▸ Brief
Nothing but a number is wanted: the count of lines in the records below that include "Hyundai".

Dataset items
+ + + +

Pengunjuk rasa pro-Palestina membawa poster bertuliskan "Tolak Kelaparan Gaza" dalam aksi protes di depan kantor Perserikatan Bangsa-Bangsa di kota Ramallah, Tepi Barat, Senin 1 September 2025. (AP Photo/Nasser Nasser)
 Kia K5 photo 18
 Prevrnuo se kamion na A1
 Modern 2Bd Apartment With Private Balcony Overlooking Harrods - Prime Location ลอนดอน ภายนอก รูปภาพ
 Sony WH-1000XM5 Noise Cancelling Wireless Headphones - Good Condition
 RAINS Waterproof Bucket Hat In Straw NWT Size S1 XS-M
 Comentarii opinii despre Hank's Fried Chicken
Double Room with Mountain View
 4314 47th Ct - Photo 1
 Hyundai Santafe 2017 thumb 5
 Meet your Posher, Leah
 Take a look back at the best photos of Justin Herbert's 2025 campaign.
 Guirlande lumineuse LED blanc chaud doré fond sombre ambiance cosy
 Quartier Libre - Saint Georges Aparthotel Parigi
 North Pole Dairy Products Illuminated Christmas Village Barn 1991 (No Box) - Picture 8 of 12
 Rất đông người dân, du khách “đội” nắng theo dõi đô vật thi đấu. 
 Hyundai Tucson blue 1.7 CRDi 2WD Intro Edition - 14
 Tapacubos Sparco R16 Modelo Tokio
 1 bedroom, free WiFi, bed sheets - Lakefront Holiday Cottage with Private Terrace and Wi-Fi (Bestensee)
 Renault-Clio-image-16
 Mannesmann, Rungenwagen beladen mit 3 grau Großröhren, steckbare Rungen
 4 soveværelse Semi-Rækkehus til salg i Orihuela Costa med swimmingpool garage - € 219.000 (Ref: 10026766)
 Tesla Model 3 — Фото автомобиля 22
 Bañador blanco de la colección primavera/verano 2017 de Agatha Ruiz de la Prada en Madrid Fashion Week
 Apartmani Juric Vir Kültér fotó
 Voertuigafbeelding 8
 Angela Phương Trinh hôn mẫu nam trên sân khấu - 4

+ + + +

▸ Response below
2